*** Opening of RECORDS PROVIDED ***

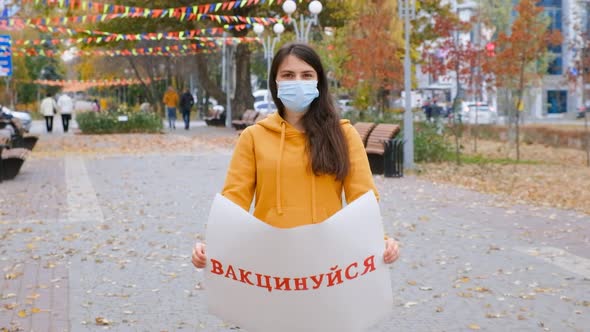 A Woman Raises a Poster with a Text in Ukrainian Translated From Ukrainian Vaccinated alt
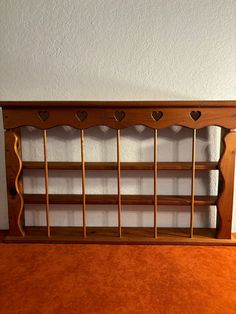 a wooden shelf with hearts on the top and two shelves below it that are made out of wood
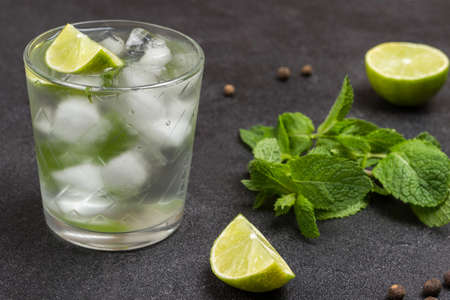 Summer refreshing drink with lime, mint and ice. Lime slices and mint leaves on table. Black background. Top viewの写真素材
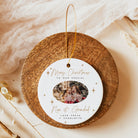 A personalized Christmas ornament displayed on a round wooden stand. The ornament is white with gold script text reading 'Merry Christmas to our special Non & Grandad' and a photo of a grandfather and grandmother, with the names 'Love Freya + Charlotte' below.
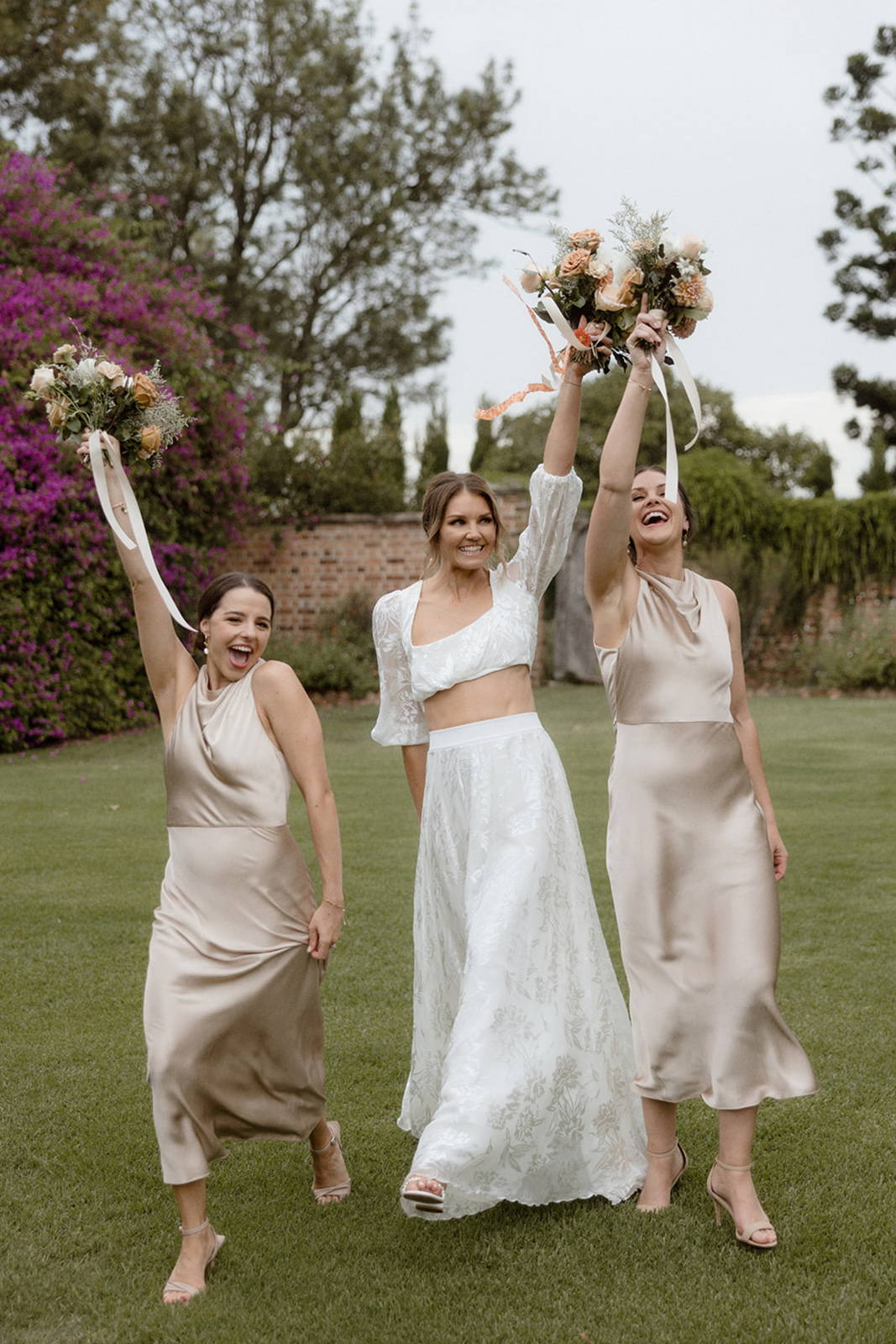 Bride and her bridesmaids holding their flower bouquets in the air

*** Close of RECORDS PROVIDED ***

Pictures do not go in the copy. Write out exactly the lines from the line containing "A personalized Christmas" through the last line of the listing.

 A personalized Christmas ornament displayed on a round wooden stand. The ornament is white with gold script text reading 'Merry Christmas to our special Non & Grandad' and a photo of a grandfather and grandmother, with the names 'Love Freya + Charlotte' below.
 Bride and her bridesmaids holding their flower bouquets in the air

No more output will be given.